DATA EXTRACTS ▸
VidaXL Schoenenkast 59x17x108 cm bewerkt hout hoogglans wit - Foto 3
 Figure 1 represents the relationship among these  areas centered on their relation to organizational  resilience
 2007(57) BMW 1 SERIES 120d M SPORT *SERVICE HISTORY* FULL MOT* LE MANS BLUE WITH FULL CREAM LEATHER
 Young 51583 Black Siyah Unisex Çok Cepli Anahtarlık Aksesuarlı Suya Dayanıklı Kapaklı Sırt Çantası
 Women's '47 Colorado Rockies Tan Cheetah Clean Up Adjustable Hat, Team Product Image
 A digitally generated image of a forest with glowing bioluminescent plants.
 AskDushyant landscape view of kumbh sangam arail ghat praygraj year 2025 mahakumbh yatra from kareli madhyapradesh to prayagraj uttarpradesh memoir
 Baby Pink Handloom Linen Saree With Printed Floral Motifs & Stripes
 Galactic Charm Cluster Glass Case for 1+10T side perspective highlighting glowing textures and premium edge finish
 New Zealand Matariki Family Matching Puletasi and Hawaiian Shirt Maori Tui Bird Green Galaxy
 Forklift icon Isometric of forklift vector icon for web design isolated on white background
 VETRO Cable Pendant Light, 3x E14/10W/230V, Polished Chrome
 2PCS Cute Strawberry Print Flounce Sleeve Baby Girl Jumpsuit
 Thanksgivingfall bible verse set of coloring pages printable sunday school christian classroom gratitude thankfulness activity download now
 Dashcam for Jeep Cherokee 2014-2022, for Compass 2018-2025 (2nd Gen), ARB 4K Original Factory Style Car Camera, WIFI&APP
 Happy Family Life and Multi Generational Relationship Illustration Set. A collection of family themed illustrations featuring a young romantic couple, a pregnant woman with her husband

ACTIVITY ▸ Lines that include the word "glowing" are to be extracted from the data above.

WRITTEN RESPONSE ▸
 A digitally generated image of a forest with glowing bioluminescent plants.
 Galactic Charm Cluster Glass Case for 1+10T side perspective highlighting glowing textures and premium edge finish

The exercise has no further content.